Archive for the ‘Coefficient of Error’ Category

Are designed based stereological methods unbiased?

October 12, 2010

There is a common misunderstanding that design based methods are by definition unbiased. That is simply not true. There are those that have said to me, “It’s design based because I designed this idea. It is designed and therefore unbiased.” I think that latter comment tells you that being a designed based method is not necessarily unbiased. I realize that the person making the comment was unclear about the meaning of design based, but that’s the way it happened.

In a design based approach it is is possible to show whether or not a method is unbiased. It doesn’t mean that biased can’t creep in if the method cannot be implemented properly, but at least there is the hope that the biases introduced during the implementation of the method are not overwhelming.

You might ask yourself if bias if really all that bad. Does it really matter if a method used in stereology has bias? What is that doing to the result? If the amount of bias is small relative to the value being determined, then it might not be bad if the method is biased.

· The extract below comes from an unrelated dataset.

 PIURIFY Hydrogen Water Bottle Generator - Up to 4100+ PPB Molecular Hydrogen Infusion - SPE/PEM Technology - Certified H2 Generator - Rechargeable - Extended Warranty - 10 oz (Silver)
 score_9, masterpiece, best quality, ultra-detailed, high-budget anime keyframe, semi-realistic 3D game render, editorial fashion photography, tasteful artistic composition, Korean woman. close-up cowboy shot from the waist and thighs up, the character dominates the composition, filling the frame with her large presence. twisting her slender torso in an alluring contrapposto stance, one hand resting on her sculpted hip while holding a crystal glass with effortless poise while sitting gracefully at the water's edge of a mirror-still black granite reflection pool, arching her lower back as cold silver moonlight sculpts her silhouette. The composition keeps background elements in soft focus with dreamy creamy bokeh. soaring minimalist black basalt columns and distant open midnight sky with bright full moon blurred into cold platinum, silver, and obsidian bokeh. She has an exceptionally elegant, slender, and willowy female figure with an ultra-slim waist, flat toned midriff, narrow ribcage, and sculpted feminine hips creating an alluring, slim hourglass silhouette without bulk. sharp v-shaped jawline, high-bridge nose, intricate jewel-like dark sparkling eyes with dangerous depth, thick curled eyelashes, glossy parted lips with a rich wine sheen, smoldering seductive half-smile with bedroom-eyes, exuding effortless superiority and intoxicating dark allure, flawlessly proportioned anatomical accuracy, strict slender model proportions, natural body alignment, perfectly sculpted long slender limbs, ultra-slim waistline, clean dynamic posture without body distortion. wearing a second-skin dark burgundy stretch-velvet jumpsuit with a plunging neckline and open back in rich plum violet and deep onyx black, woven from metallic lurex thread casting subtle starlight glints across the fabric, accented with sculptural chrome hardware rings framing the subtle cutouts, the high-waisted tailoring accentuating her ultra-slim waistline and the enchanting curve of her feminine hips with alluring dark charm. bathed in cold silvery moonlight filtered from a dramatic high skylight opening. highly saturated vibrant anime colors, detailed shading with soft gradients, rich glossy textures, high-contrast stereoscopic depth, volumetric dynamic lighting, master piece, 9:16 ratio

Suppose a method had a bias estimated to be less than 5% and the data showed a 20% difference between control and experimental, then the 5% is not important. The method would be a reasonable method if it saved work.

Unfortunately, biases are difficult to determine. Showing that the bias is less than a certain magnitude is usually impossible.

That is why design based methods that are unbiased are favored. If the method can be shown to have zero bias, then the issue is how close to the mathematical ideal is the implementation.

First effort at Computing the Sampling Variance

April 30, 2010

The two basic things we want out of stereology are the right answer and some idea of how well the work was done.

The second issue is obtaining some measure of how well the sampling went. When sampling is performed there is always some variation between samples. This spread of sample results gives us uncertainty about the answer. So how good is the estimate? That depends on two factors. One is the method that is used and the other is the thing being sampled. The same method applied to two different objects gives two different spreads. There are statistical measures that quantify the spread. These are said to be measures of dispersion.

One of the most important of these is the variance. Another measure of dispersion is the standard deviation. There is a statistical measure called the coefficient of variance. This is a relative measure of the dispersion. These values talk about the sample. The measure called the coefficient of error talks about the method being used.

Possibly the first coefficient of error calculation used was the binomial distribution formula. This was used for point counting in the 1930s and right into the 1960s and possibly even today. The problem with this method was known right from the start. Quite a few rules for sampling were added in the 1930s, 1940s, and 1950s to account for the mathematics of the binomial distribution.

Any mathematical formula is based on the assumption or ground rules used to derive a formula. If a formula is based on the assumption that samples are taken from an infinite set, then applying the sample to a population of 100 things is likely to give you the wrong answer. If the formula is based on the notion that all samples are independent, then using the formula when doing systematic sampling is likely to give you the wrong answer. It is very important to know what ground rules must be met to make a formula provide the correct answer. None of us would be foolish enough to use F=ma and substitute a temperature into the formula. But sampling is so complex that we might apply a formula without realizing that the formula was not applicable.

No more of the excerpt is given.